Other project pages loaded quickly... maybe Vercel was just (somwehow?) slow to process this 600-line JSON file, generate the hundreds of components for it, style all of them, and display them.
I found issues on the
vercel repo of people complaining about similar problems. Maybe it just took a few seconds for Vercel to spin up a runner to render the page? (That didn't seem to square with the load times of the other project pages.)
I took solace in the fact that other people on the Internet also thought that
getServerSideProps is weird and unintuitive.
I was beginning to lose the will to live... all I wanted was a blog.
I took a breather and came back to it all after a little while.
"What is it I actually want?"
- up-to-date commit histories
- fast page loads
The problem was that those two things were -- if not mutually exclusive, at least -- in competition with each other. Up-to-the-second commit histories would require a request to GitHub as soon as the user requested the project page. Which meant that all of the data fetching, and processing, and rendering would have to be done quickly.
This didn't seem like too big of an ask to me, but apparently it was. Maybe it was my code, maybe it was the Lambda cold start times, maybe it was something on Vercel's end... whatever it was, it was pinning me to 3-second page load times.
"Maybe I can request and process most of the history in advance, then only request recent history when a user clicks on a page?"
This sounded overcomplicated, though. (Unlikely, but) what if a project had had 100 new commits since I last deployed my website (and generated the cache)? Then I would have the same problem: trying to request and render 100 commits onto this history page.
So I compromised, and came up with a simpler solution:
This solves the load time issue -- by the time we get to production, the pages will have already been generated, so nothing needs to be done except displaying them.

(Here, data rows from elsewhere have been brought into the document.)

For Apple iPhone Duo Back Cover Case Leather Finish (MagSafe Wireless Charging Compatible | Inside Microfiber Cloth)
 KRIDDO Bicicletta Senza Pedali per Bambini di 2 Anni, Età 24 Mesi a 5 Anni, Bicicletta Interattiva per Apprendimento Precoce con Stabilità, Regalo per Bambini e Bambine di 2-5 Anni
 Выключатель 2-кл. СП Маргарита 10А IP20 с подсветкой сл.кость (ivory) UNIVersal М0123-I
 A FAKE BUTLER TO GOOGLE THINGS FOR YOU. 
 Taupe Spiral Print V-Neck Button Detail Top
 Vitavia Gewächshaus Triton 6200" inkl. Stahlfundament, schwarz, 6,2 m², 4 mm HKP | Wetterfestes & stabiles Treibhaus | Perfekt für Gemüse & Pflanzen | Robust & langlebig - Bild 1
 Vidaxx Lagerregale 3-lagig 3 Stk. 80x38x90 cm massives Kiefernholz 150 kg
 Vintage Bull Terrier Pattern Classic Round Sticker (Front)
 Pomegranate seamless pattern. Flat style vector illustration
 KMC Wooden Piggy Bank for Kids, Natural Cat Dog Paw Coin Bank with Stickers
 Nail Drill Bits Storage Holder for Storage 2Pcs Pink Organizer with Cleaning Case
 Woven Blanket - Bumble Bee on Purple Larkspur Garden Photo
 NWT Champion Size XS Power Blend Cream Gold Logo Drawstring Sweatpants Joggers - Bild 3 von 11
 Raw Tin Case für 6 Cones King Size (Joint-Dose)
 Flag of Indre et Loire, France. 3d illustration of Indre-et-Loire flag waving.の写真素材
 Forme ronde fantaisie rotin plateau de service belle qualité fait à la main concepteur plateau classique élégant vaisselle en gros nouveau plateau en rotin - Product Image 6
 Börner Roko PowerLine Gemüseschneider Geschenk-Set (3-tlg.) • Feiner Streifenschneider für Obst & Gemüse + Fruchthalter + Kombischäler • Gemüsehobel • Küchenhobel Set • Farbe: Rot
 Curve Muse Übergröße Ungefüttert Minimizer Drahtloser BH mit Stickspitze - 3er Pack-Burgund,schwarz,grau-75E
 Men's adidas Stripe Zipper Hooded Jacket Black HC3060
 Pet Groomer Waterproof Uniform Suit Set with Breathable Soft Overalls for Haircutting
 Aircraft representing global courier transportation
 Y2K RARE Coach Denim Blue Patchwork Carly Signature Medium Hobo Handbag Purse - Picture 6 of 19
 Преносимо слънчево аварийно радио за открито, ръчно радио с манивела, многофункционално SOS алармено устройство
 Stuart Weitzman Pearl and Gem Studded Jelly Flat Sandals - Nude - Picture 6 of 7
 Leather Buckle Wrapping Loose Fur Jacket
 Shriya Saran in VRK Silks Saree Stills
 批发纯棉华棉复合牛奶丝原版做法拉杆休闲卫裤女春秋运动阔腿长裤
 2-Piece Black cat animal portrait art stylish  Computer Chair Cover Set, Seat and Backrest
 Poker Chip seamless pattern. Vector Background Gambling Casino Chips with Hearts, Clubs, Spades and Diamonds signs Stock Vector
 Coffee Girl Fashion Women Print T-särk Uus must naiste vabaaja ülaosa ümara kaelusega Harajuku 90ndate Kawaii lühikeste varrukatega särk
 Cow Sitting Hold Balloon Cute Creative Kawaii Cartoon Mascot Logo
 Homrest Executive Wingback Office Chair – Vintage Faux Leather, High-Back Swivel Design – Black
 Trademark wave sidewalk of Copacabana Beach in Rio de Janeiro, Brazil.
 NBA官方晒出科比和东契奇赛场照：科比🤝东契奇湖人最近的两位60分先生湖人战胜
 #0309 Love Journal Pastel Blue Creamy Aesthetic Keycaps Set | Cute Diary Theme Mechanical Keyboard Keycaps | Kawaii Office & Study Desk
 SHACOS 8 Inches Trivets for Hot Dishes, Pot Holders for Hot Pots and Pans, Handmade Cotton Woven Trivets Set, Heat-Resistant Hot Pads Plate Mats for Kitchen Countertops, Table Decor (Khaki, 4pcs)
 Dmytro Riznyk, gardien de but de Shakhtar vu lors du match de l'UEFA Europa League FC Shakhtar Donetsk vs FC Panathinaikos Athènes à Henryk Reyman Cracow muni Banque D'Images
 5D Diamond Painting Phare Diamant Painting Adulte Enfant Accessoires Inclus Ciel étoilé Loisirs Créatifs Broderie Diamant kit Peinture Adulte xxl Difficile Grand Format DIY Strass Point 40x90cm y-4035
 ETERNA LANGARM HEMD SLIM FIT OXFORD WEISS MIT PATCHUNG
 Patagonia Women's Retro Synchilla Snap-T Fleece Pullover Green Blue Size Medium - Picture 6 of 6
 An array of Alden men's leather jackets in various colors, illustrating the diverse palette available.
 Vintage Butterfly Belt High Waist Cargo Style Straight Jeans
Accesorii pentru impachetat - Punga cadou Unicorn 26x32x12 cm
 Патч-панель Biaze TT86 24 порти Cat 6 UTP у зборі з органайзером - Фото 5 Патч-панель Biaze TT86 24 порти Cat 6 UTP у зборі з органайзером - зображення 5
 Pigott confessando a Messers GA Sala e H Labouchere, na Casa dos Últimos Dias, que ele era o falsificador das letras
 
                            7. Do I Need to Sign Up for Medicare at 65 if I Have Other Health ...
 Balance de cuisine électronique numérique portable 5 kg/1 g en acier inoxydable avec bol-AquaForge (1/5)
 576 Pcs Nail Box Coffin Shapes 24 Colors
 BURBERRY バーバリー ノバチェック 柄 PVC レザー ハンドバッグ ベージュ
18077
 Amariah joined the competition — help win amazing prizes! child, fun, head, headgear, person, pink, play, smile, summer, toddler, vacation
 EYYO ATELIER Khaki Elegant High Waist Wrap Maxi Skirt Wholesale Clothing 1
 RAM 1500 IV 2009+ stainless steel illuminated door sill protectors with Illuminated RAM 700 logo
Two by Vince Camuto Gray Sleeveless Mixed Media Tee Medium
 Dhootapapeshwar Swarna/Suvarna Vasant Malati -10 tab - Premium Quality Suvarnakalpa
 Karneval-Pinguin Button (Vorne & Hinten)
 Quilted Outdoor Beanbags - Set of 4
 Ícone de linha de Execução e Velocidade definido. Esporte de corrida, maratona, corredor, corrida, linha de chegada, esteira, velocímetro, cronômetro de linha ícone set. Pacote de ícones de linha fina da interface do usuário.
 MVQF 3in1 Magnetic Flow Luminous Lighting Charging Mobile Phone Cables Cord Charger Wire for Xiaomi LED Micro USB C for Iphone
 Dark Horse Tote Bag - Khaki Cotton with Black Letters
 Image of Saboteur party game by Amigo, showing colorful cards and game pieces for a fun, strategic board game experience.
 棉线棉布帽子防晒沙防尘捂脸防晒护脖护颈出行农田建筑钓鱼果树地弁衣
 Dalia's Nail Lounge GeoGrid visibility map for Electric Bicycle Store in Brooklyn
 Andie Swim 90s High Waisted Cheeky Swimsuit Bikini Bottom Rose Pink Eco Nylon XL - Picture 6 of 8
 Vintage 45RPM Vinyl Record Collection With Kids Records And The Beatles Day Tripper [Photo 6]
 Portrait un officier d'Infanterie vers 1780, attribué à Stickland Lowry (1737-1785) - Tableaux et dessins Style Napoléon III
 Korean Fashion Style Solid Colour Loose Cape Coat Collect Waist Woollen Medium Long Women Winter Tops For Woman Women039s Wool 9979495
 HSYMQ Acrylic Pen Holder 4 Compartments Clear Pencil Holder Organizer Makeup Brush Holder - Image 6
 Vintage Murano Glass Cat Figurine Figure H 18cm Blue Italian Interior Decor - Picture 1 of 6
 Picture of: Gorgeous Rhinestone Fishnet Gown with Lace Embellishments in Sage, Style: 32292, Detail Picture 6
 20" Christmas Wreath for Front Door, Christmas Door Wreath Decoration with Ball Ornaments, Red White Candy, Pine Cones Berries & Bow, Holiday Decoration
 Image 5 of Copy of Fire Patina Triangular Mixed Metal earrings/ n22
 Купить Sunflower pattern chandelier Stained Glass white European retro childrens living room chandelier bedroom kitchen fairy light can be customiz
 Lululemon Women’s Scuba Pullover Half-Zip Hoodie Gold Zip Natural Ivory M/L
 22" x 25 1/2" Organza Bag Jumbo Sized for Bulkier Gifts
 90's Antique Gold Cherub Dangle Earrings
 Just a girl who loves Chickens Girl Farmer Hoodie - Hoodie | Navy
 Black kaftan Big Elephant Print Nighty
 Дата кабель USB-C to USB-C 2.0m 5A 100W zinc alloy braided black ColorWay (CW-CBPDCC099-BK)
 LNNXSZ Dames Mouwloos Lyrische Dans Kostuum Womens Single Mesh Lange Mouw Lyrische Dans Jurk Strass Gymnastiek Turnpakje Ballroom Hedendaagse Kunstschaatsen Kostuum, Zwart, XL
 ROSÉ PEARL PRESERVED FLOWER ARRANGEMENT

But this means that we will not have an up-to-date commit history.
accept that the commit history will not be up-to-date
I'd already sunk so much time into this, I was ready to compromise.
Nobody coming to my website will care if my commit histories are slightly out of date. So I decided to just put a disclaimer at the top and bottom of the histories, saying something like "for the most up-to-date commit history, see GitHub".
Now, we can generate pages in advance, keep load times to basically zero, and we don't have to worry about complex caching solutions, or what environment the build is running in, or GitHub rate limits, or anything.
My compromise was that my time and energy were worth more to me than having this one feature on my website be exactly the way I had envisioned it initially.
Software Development is About Compromise
In my case, I tried and tried to get my website to do what I wanted it to, but my two requirements: up-to-date commit histories and fast loading times, were in direct competition with each other.
Having an up-to-date history will require a request when the user clicks the button, and processing the result of that request, which will take time.